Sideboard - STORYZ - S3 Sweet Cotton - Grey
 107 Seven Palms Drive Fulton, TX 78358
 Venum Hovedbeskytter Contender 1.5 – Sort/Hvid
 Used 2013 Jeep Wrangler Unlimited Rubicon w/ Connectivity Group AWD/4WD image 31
============
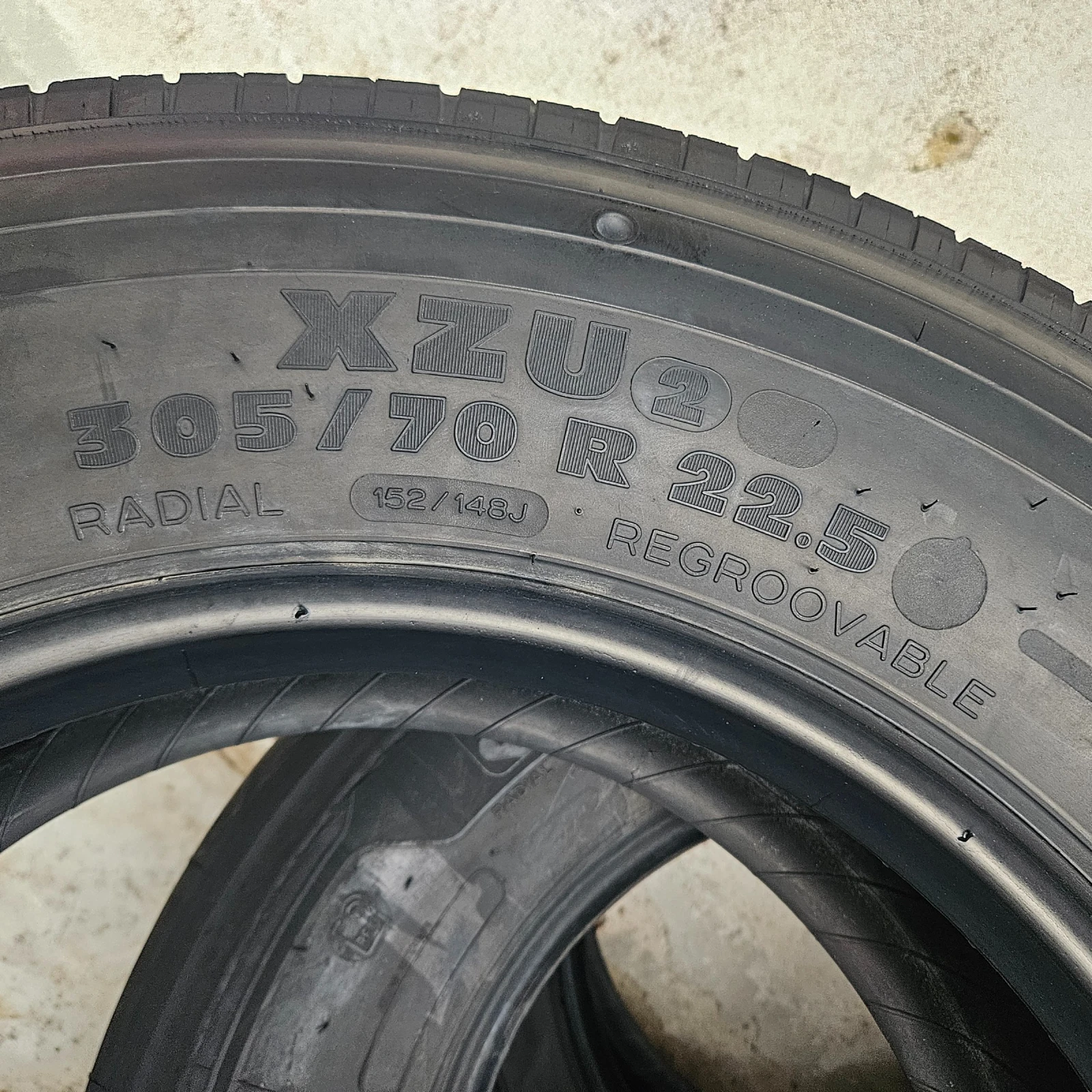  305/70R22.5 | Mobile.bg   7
============
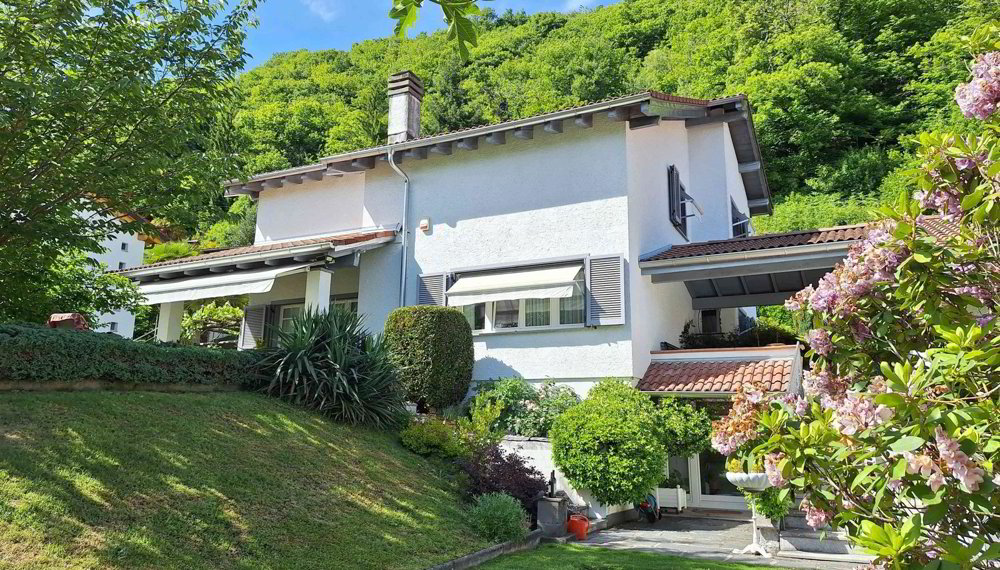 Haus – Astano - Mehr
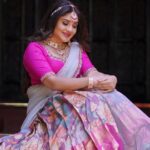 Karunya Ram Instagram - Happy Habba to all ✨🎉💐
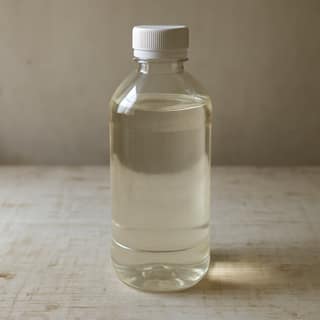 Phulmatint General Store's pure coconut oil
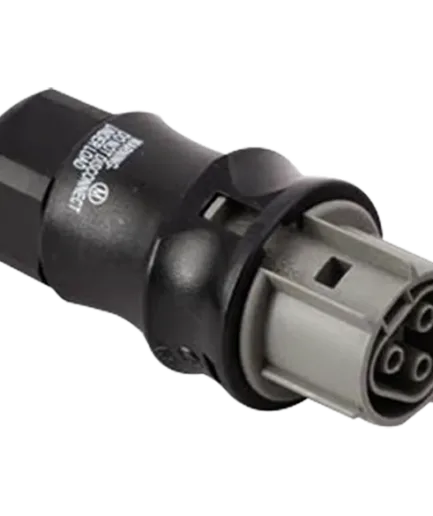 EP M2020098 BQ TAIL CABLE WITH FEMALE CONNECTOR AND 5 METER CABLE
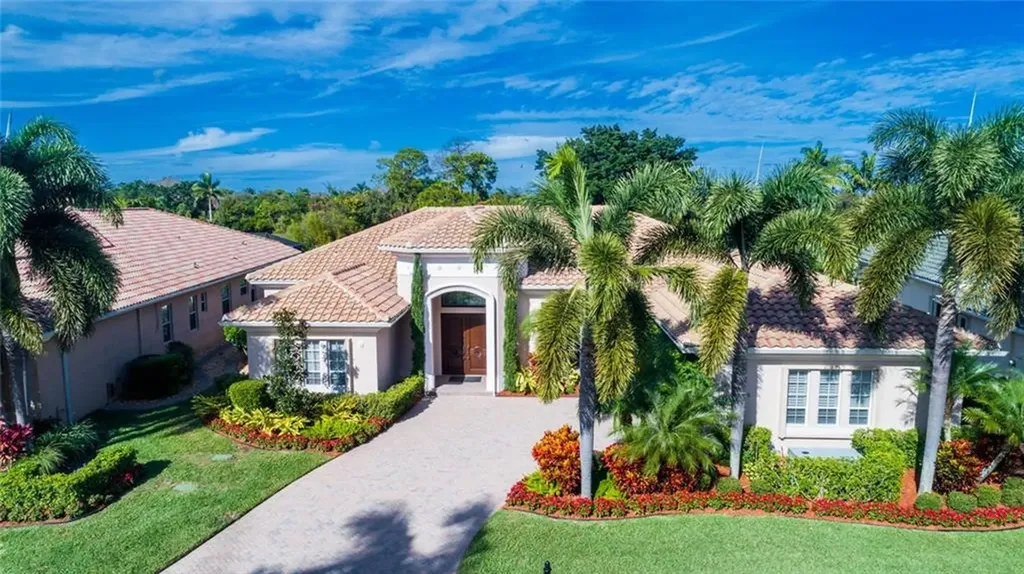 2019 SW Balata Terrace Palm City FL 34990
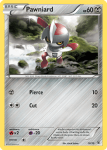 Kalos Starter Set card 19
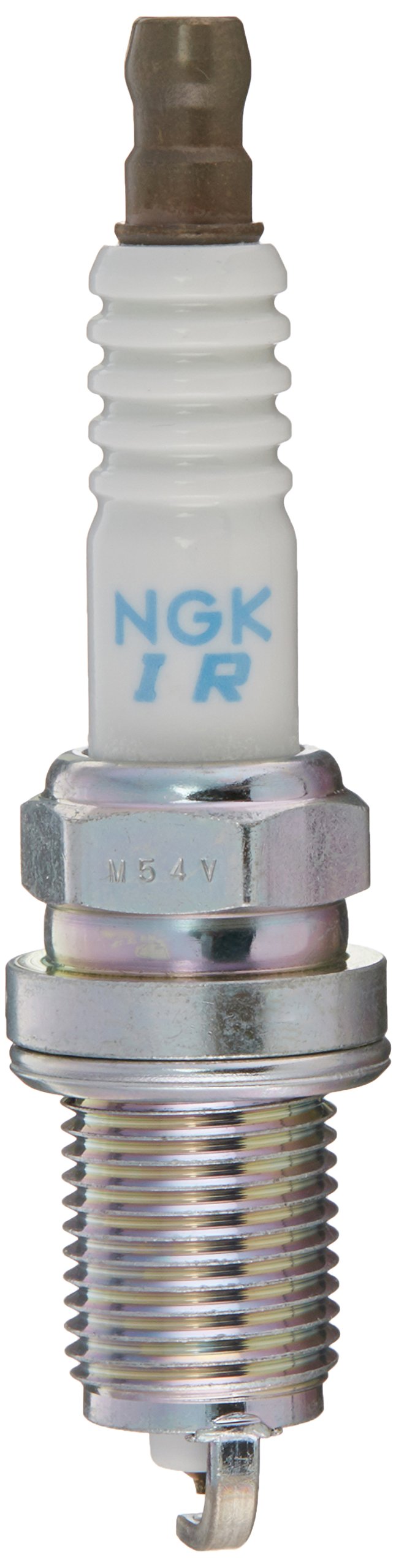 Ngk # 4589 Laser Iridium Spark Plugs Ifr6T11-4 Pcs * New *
============
▸ **AIM OF THE TASK**
Output exactly the lines above that lie between the line with "Kalos Starter Set card 19" and the line with "Ngk # 4589 Laser", those two lines included, and no pictures.

▸ **THE ANSWER**
 Kalos Starter Set card 19
 Ngk # 4589 Laser Iridium Spark Plugs Ifr6T11-4 Pcs * New *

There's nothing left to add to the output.